Danescu-Niculescu-Mizil et. al., WWW 2009
Contents
Citation
author = {Danescu-Niculescu-Mizil, Cristian and Kossinets, Gueorgi and Kleinberg, Jon and Lee, Lillian}, title = {How opinions are received by online communities: a case study on amazon.com helpfulness votes}, booktitle = {Proceedings of the 18th international conference on World wide web}, series = {WWW '09}, year = {2009}, isbn = {978-1-60558-487-4}, pages = {141--150}, numpages = {10},
Online version
http://www.cs.cornell.edu/home/kleinber/www09-helpfulness.pdf
Abstract from the paper
There are many on-line settings in which users publicly express opinions. A number of these offer mechanisms for other users to evaluate these opinions; a canonical example is Amazon.com, where reviews come with annotations like "26 of 32 people found the following review helpful." Opinion evaluation appears in many off-line settings as well, including market research and political campaigns. Reasoning about the evaluation of an opinion is fundamentally different from reasoning about the opinion itself: rather than asking, "What did Y think of X?", we are asking, "What did Z think of Y's opinion of X?" Here we develop a framework for analyzing and modeling opinion evaluation, using a large-scale collection of Amazon book reviews as a dataset. We find that the perceived helpfulness of a review depends not just on its content but also but also in subtle ways on how the expressed evaluation relates to other evaluations of the same product. As part of our approach, we develop novel methods that take advantage of the phenomenon of review "plagiarism" to control for the effects of text in opinion evaluation, and we provide a simple and natural mathematical model consistent with our findings. Our analysis also allows us to distinguish among the predictions of competing theories from sociology and social psychology, and to discover unexpected differences in the collective opinion-evaluation behavior of user populations from different countries.
Summary
In this paper, the authors try to understand and model how opinions are evaluated within online communities. For example, on Amazon.com, the users not only write product reviews, but also provide us with an indication of the helpfulness of the reviews ("26 of 32 people found the following review helpful"). Previous work have shown that helpfulness votes of reviews on Amazon.com are not necessarily strongly correlated with certain measures of review quality. Rather, various complex social feedback mechanisms tend to affect how Amazon users evaluate each others' reviews in practice. The authors explored 4 different classes of theories that explain how social effects influence a group's reaction to an opinion:
- The conformity hypothesis: a review is evaluated as helpful when its star rating is closer to the consensus (or average) star rating for the product.

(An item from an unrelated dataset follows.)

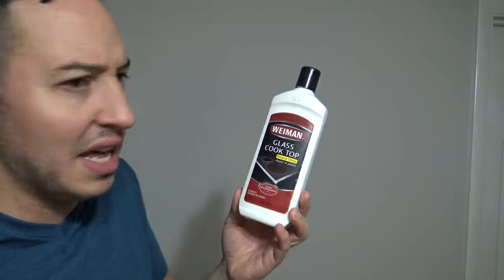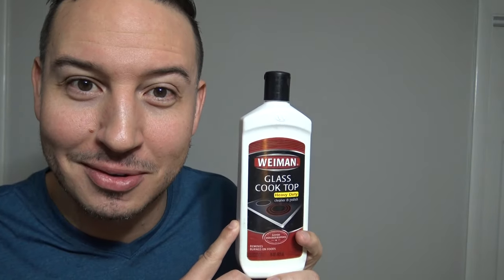You might be asking, what about this stuff? This is what I see at Home Depot and Lowe's next to the stoves — am I supposed to use it? Isn't that necessary? Weiman glass cooktop heavy-duty cleaner and polish — this stuff's great, right? Truth be told, this stuff is nothing more than an upsell. And if you buy it thinking you need it, you're nothing more than a sucker. Now, this stuff does work — don't get me wrong. It's not like it's a horrible product that's going to leave your stovetop smeary and streaky. It works. It's a good cleaner, but it's just unnecessary. The dish soap and the microfiber cloth will get the job done, and for way cheaper.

- The individual-bias hypothesis: a user will rate a review more highly if it expresses an opinion that he or she agrees with. Notice that if a diverse range of users apply this rule, then the overall helpfulness evaluation would be hard to distinguish from one based on conformity.
- The brilliant-but-cruel hypothesis: negative reviewers are perceived as more intelligent, competent and expert than positive reviewers.
- The quality-only straw-man hypothesis: the helpfulness of the review is being evaluated, purely based on the textual content of the reviews.
The authors try to investigate how data on star ratings and helpfulness votes can support or contradict these hypotheses, using a dataset consisting of over four million reviews of roughly 675,000 books on Amazon's US site as well as smaller but comparably sized corpora from Amazon's UK, Germany and Japan sites.